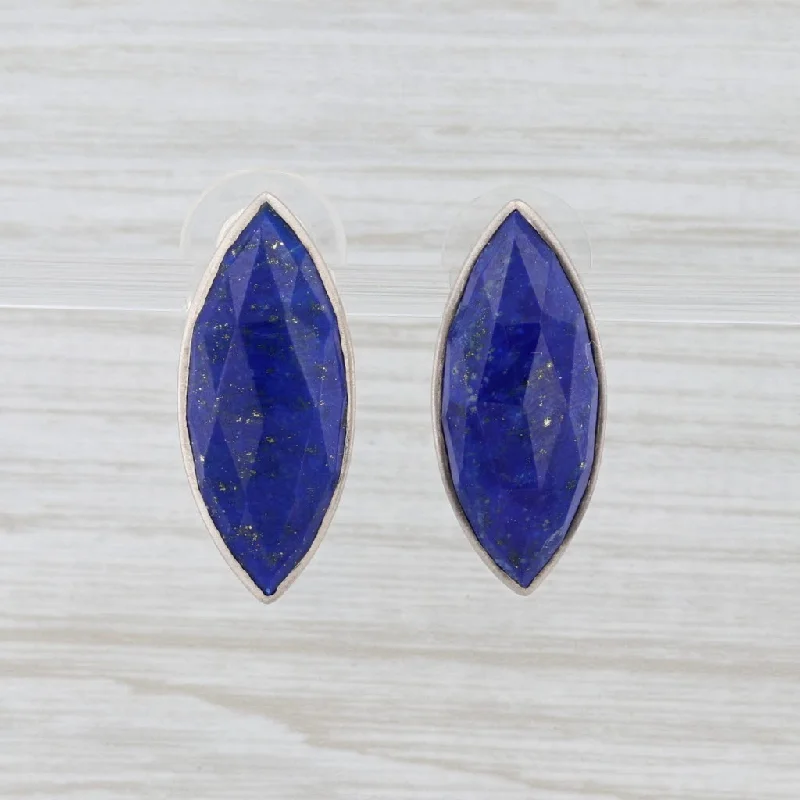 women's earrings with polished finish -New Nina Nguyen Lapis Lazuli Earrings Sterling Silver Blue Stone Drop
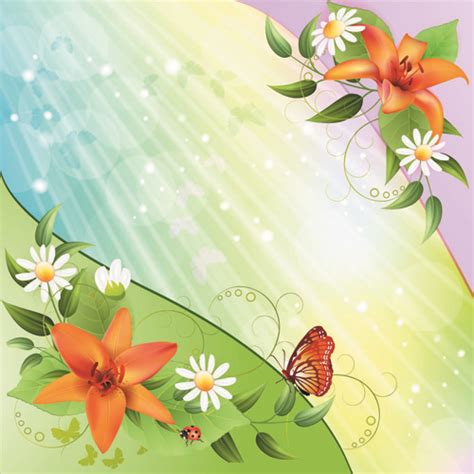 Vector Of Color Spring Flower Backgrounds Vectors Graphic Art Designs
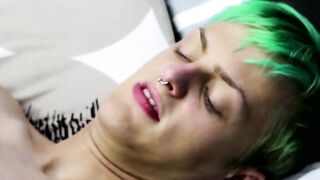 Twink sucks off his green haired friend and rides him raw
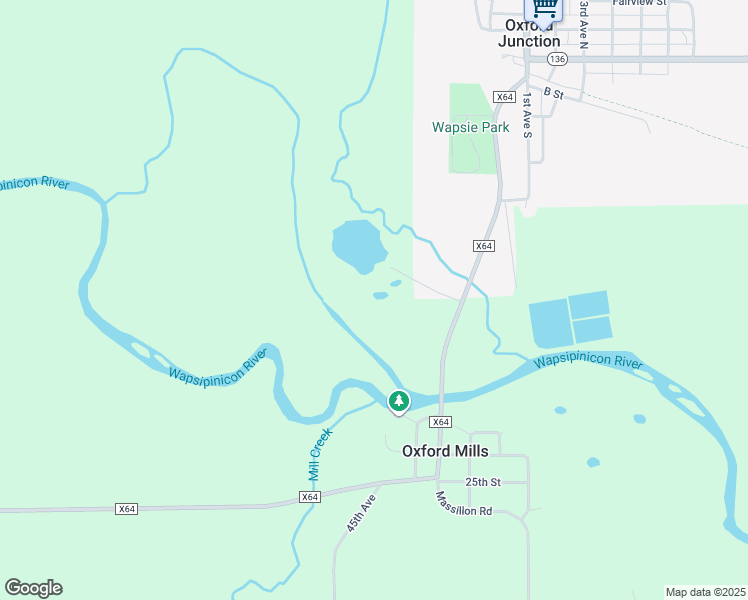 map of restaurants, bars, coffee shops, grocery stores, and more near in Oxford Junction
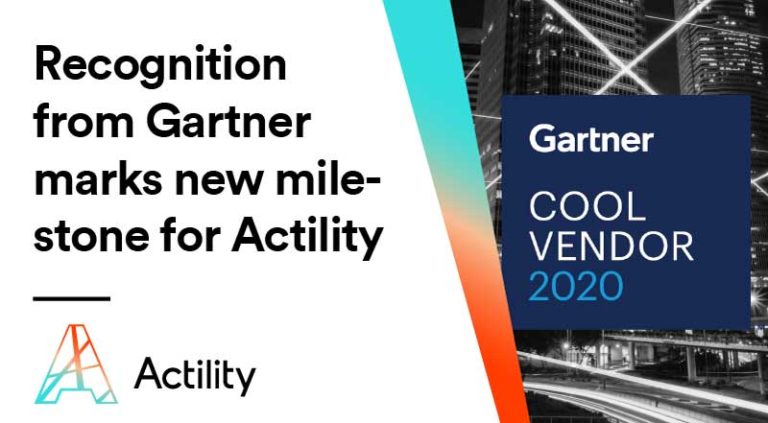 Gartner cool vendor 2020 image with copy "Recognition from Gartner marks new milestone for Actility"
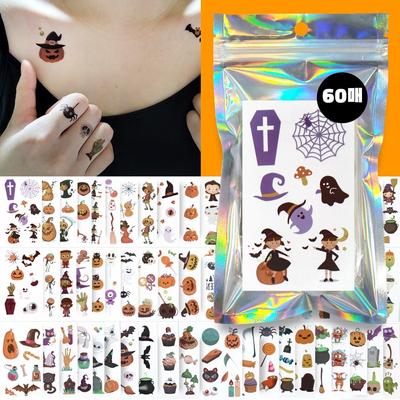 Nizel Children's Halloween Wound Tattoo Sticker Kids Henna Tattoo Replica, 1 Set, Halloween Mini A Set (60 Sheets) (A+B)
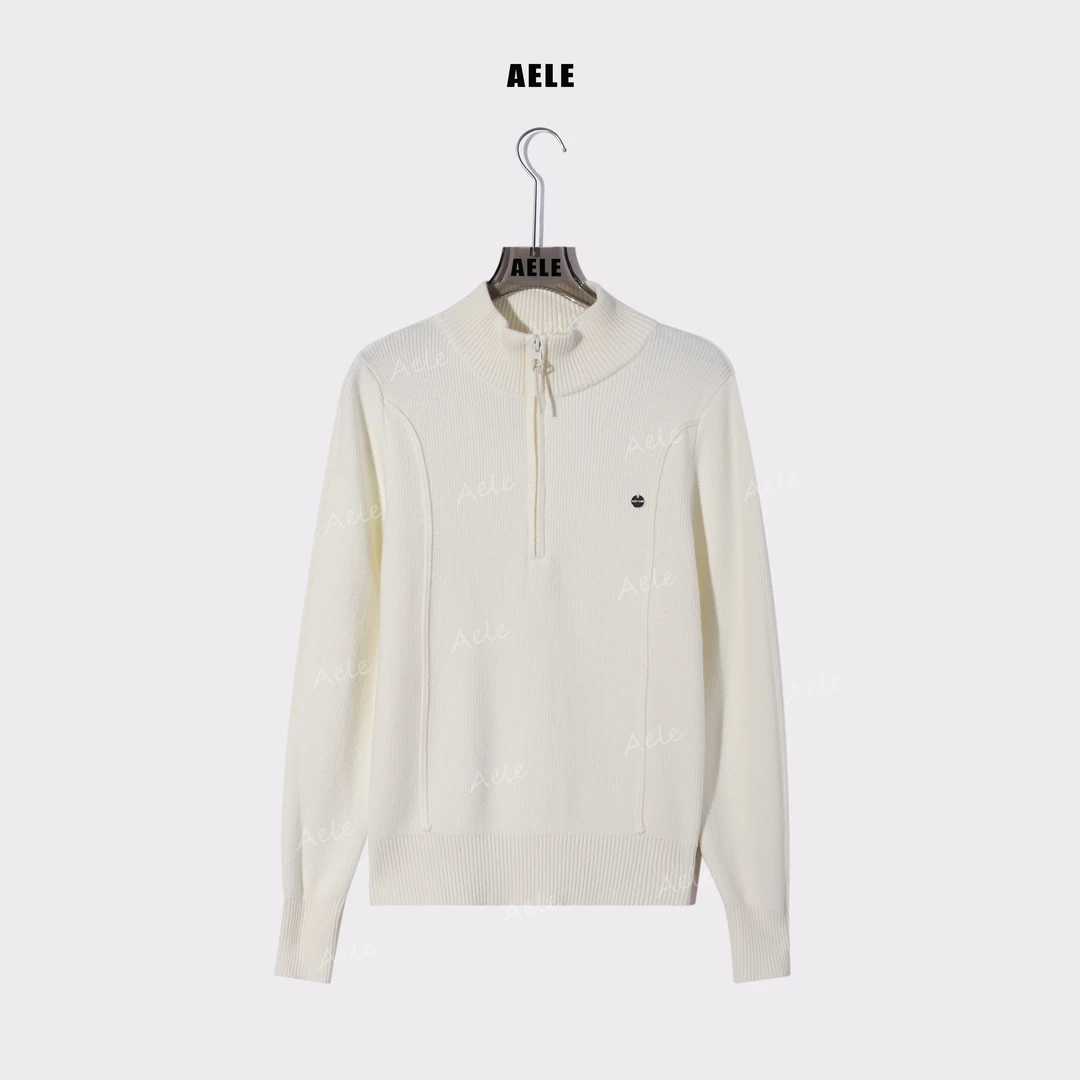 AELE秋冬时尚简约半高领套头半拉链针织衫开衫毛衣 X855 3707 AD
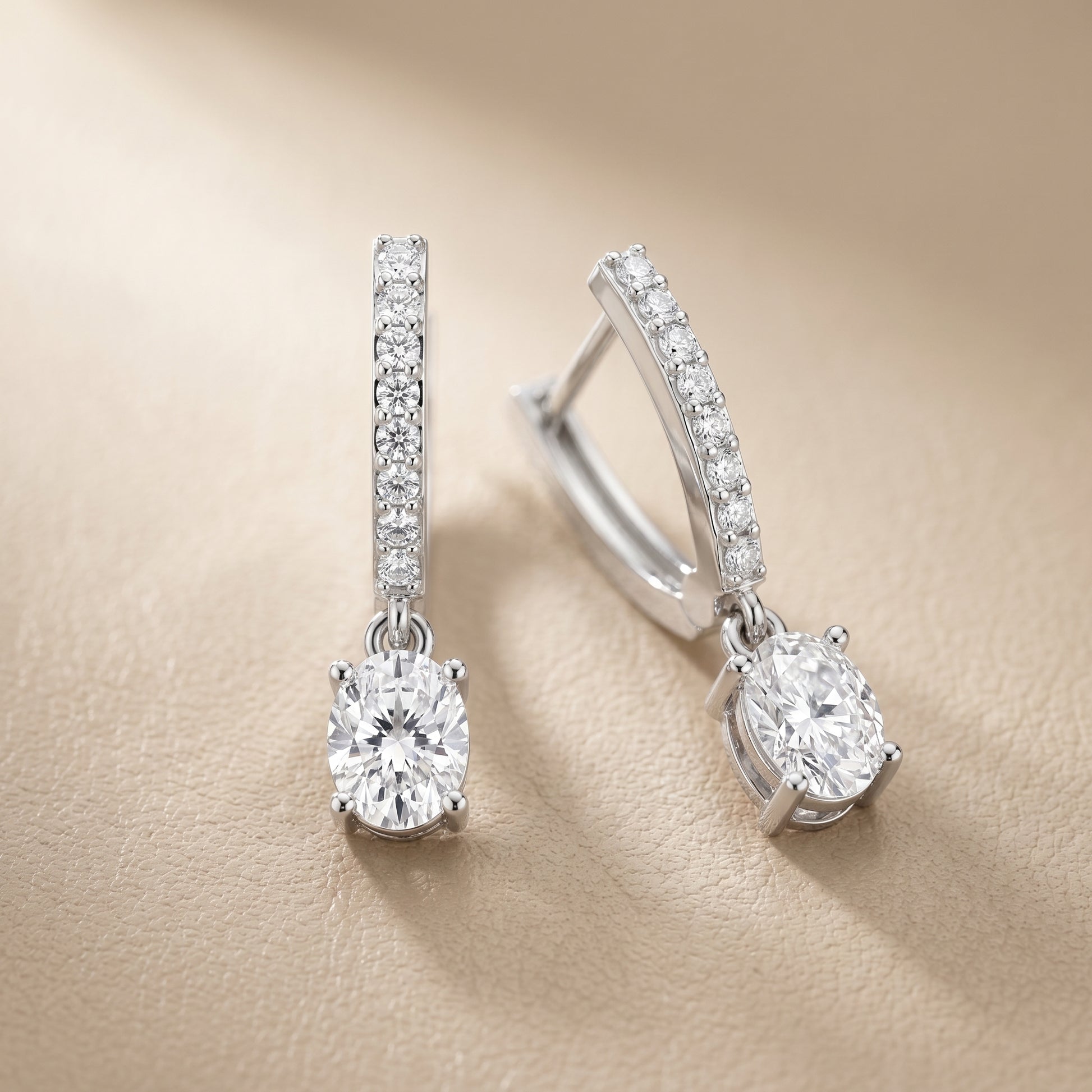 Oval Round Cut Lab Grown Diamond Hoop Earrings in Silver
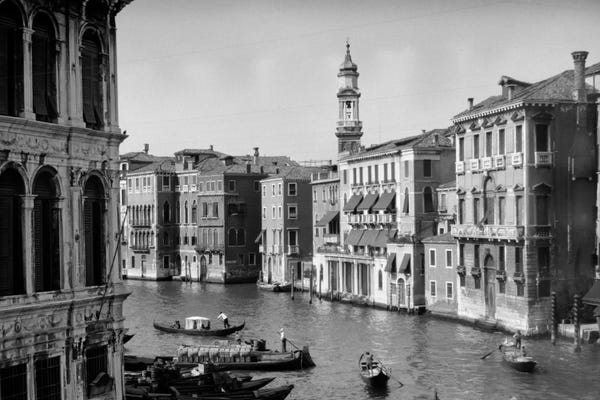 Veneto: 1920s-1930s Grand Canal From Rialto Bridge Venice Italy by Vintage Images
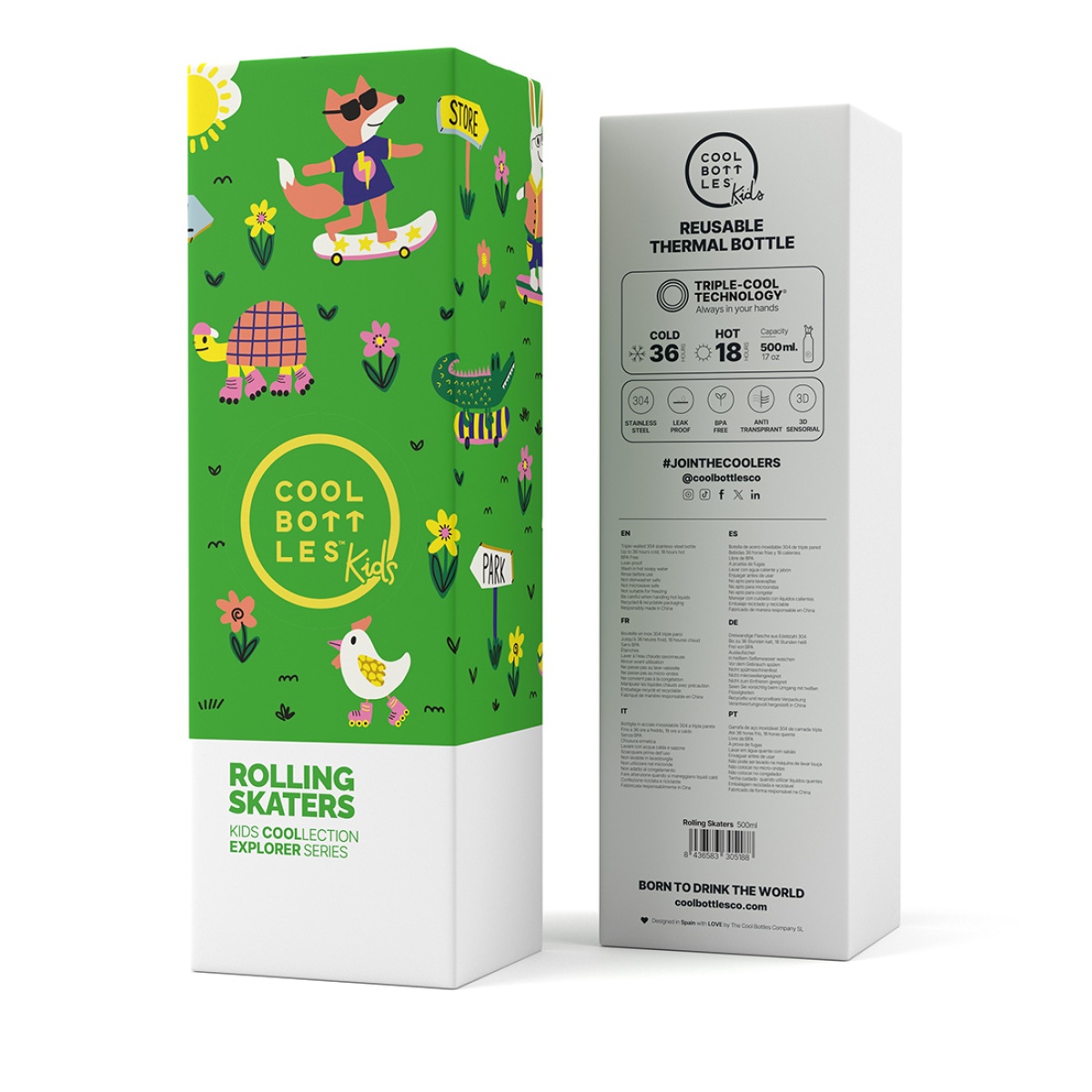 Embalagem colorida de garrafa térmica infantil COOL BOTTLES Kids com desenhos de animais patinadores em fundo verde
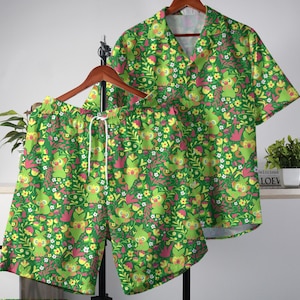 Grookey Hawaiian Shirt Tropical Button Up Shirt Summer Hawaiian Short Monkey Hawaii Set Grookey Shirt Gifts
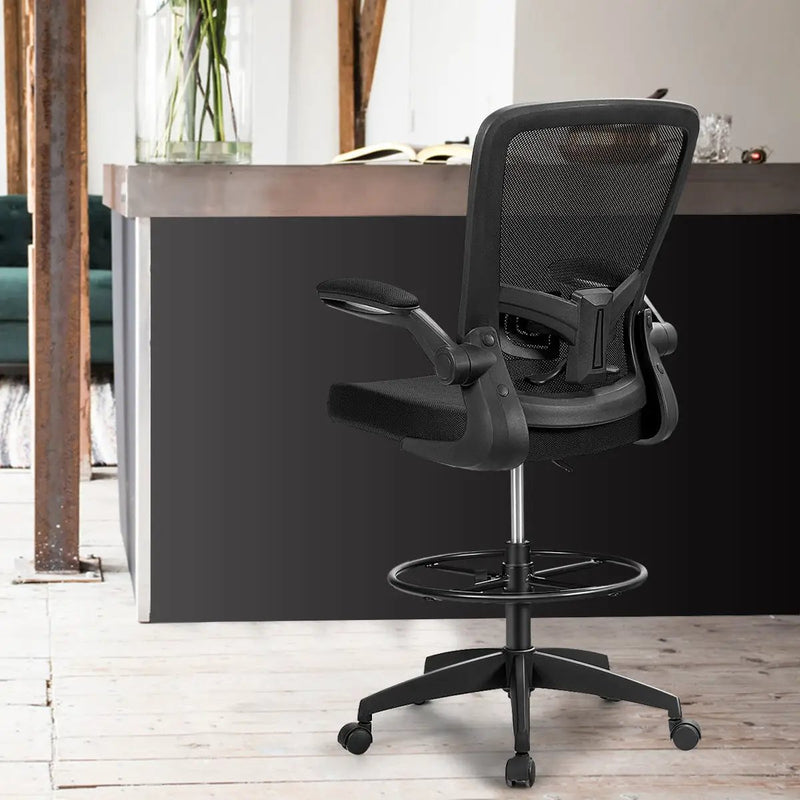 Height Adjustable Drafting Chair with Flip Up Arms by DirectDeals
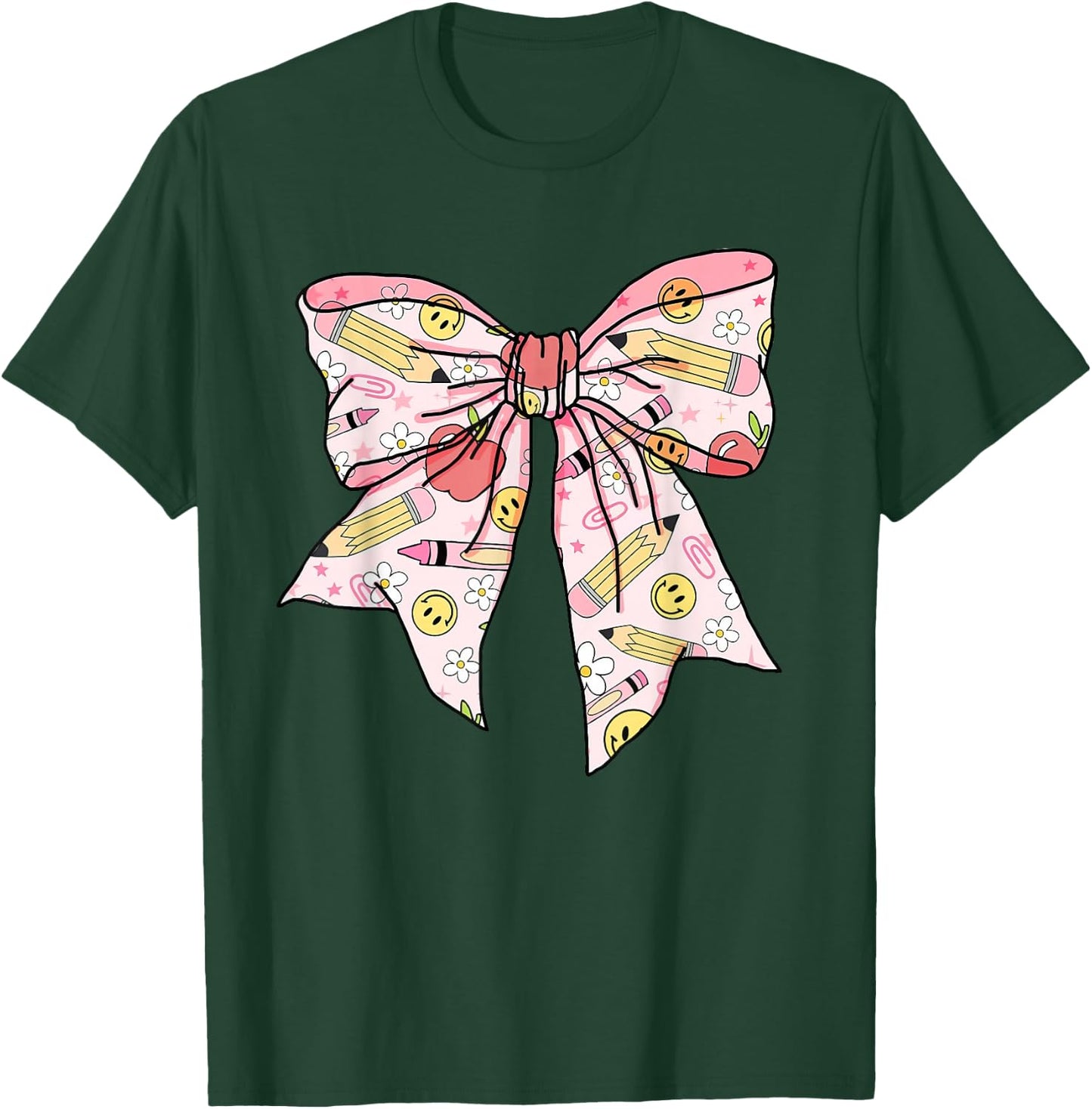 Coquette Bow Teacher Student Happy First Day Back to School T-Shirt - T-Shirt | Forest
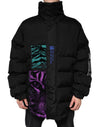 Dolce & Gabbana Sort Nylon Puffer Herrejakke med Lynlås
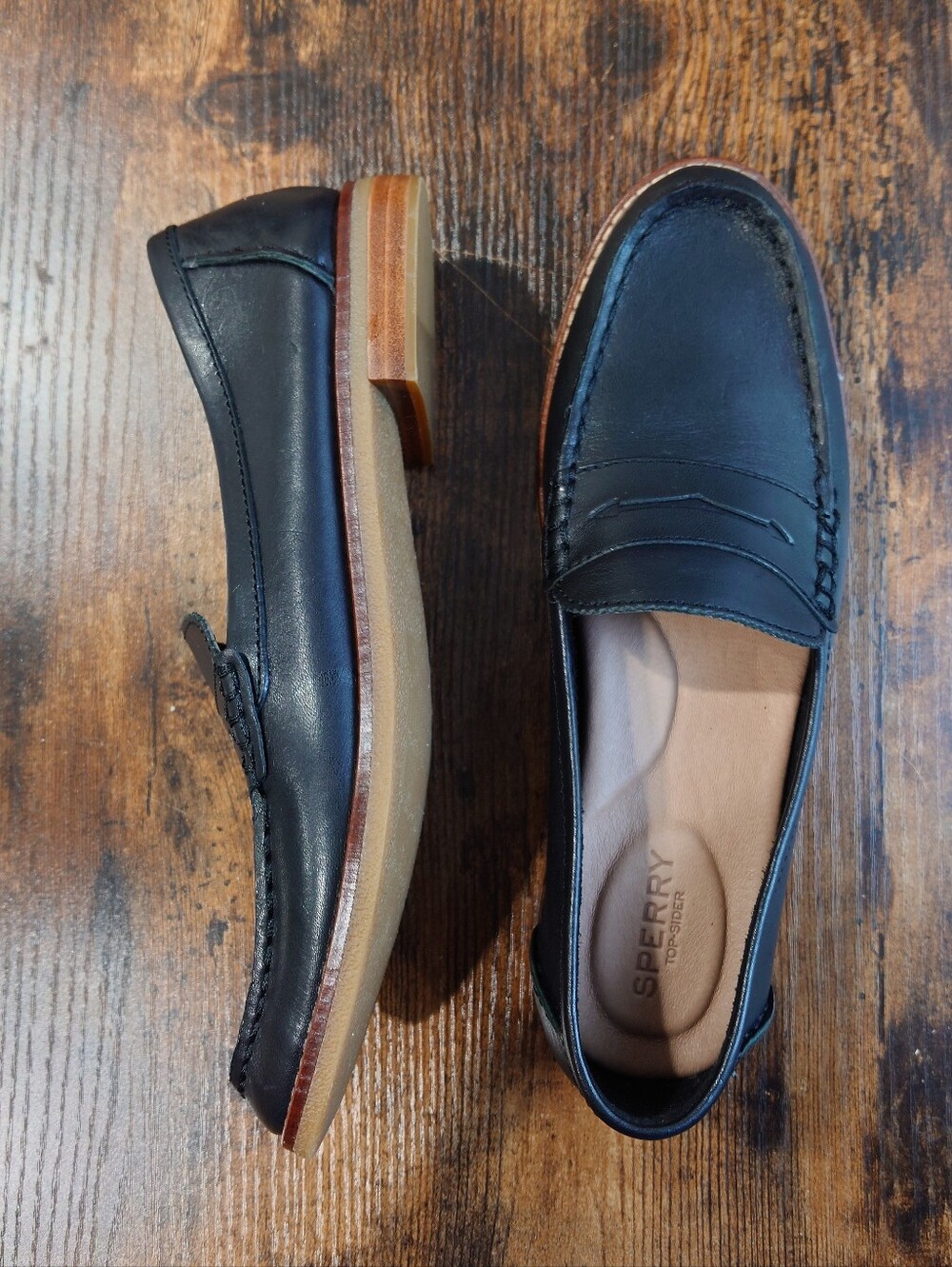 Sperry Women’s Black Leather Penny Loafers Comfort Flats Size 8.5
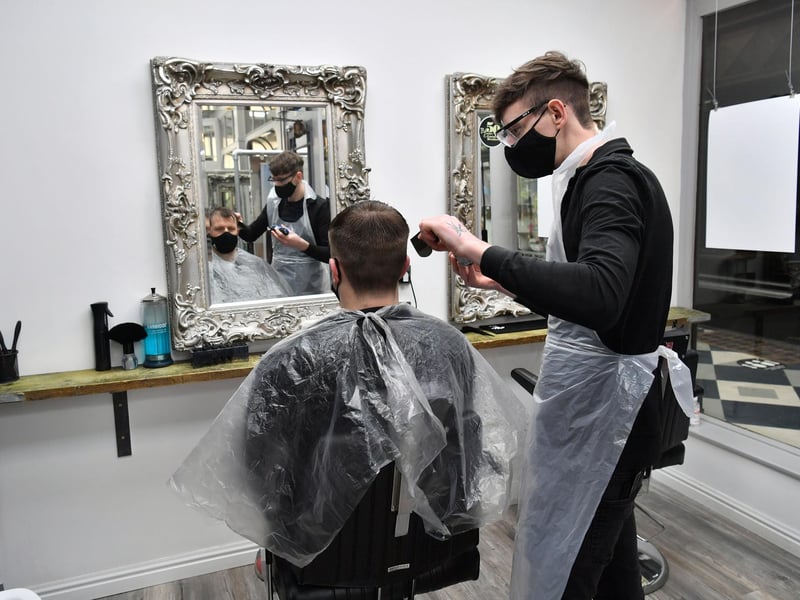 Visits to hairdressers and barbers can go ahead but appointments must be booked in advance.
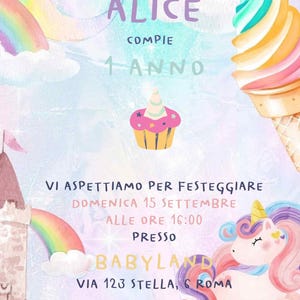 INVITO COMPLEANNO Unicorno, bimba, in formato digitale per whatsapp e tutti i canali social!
⁂
Write out exactly the stretch of lines that begins with the line containing "Dolce & Gabbana" and ends with the last line of the records above, leaving out the pictures.

 Dolce & Gabbana Sort Nylon Puffer Herrejakke med Lynlås
 Sperry Women’s Black Leather Penny Loafers Comfort Flats Size 8.5
 Visits to hairdressers and barbers can go ahead but appointments must be booked in advance.
 INVITO COMPLEANNO Unicorno, bimba, in formato digitale per whatsapp e tutti i canali social!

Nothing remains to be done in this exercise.